#### Source material ####

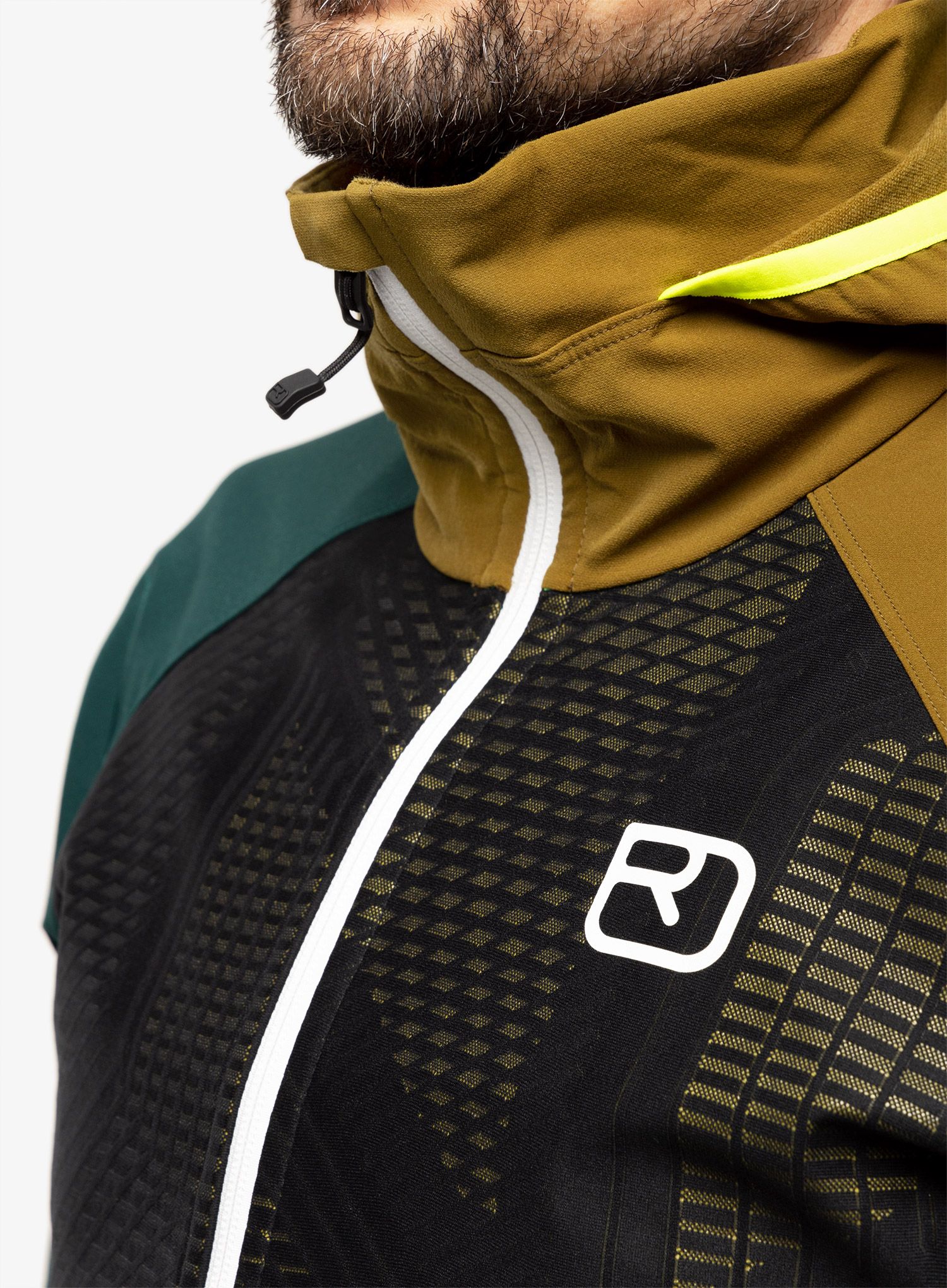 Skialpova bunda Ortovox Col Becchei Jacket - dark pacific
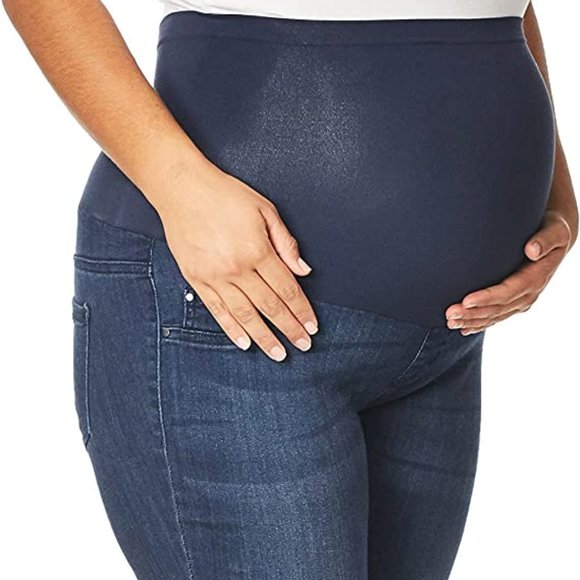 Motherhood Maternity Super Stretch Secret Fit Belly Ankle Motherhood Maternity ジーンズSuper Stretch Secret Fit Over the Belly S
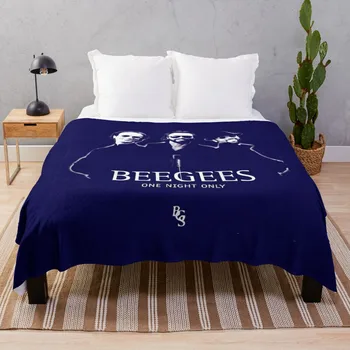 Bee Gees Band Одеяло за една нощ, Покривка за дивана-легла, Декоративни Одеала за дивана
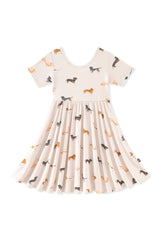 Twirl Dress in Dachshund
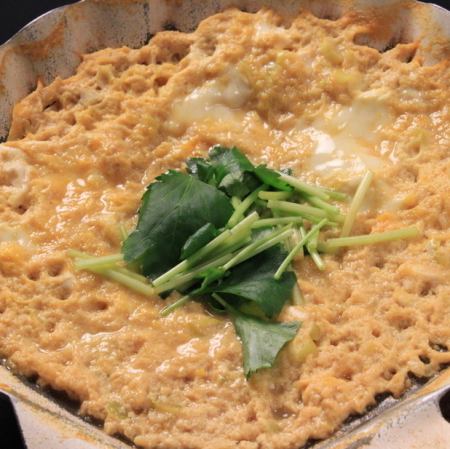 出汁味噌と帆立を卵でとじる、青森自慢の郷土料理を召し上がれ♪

####

• Problem details: Please take the lines from the beginning of the data above through the line holding "Twirl Dress in Dachshund" and transcribe them exactly, without any pictures.

• Answer below:
 Skialpova bunda Ortovox Col Becchei Jacket - dark pacific
 Motherhood Maternity Super Stretch Secret Fit Belly Ankle Motherhood Maternity ジーンズSuper Stretch Secret Fit Over the Belly S
 Bee Gees Band Одеяло за една нощ, Покривка за дивана-легла, Декоративни Одеала за дивана
 Twirl Dress in Dachshund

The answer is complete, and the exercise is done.